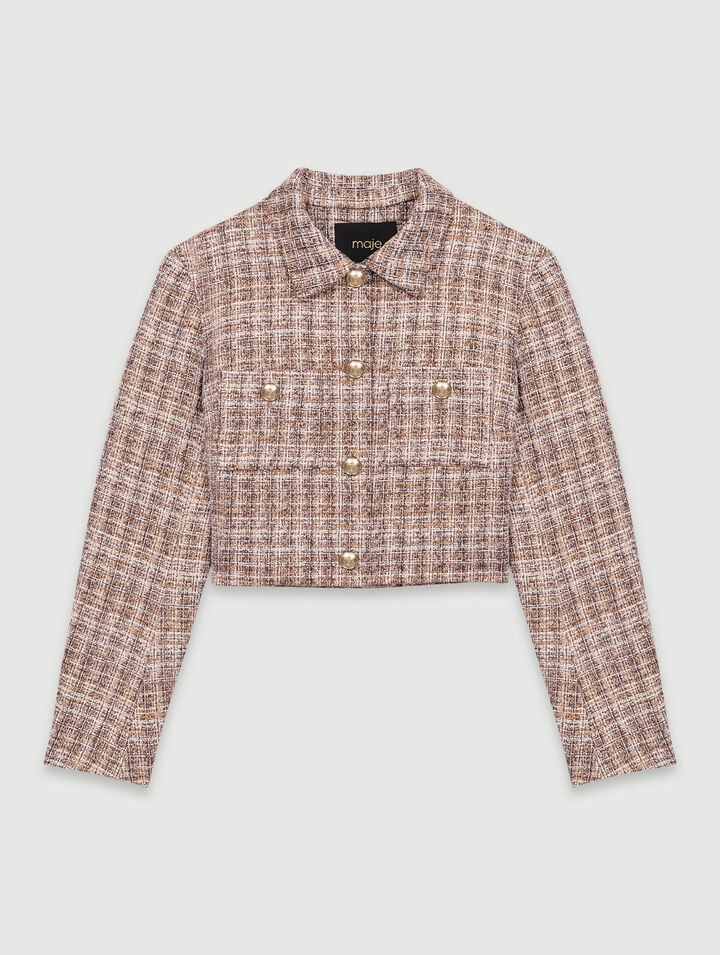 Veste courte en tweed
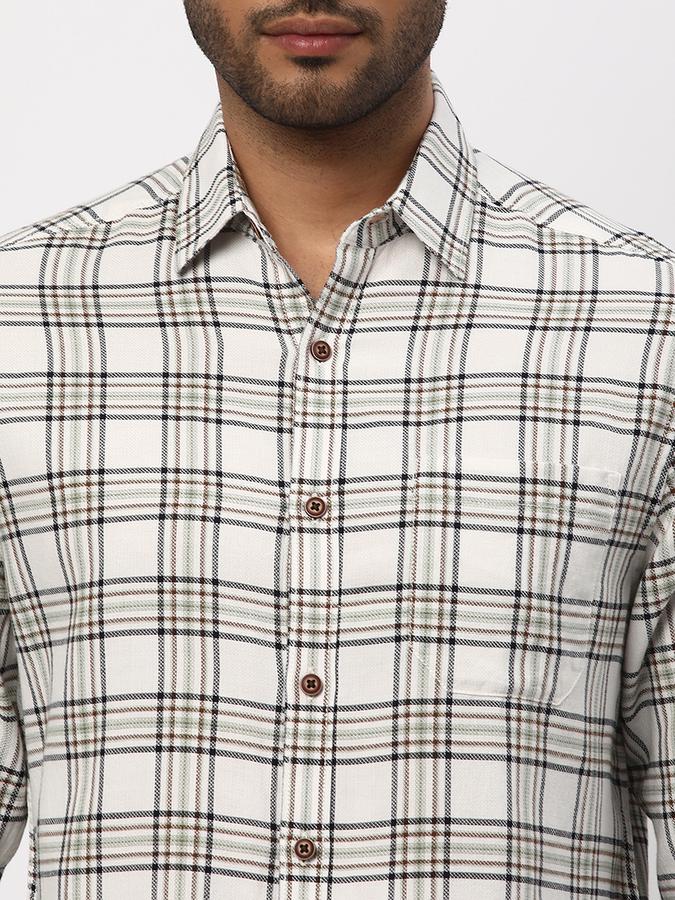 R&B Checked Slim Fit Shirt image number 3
************
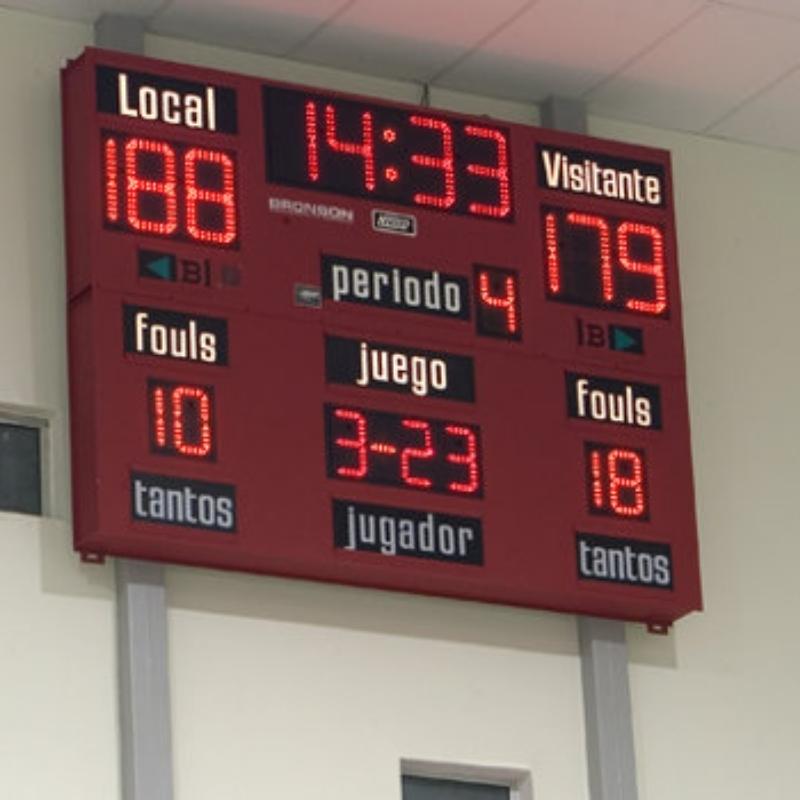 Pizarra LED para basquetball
************
REQUIREMENT:
With the pictures removed, print only the lines starting at the line that has "Veste courte en tweed" and ending at the line that has "R&B Checked Slim Fit Shirt image number 3", both ends included, exactly as they stand above.

OUTPUT BELOW:
 Veste courte en tweed
 R&B Checked Slim Fit Shirt image number 3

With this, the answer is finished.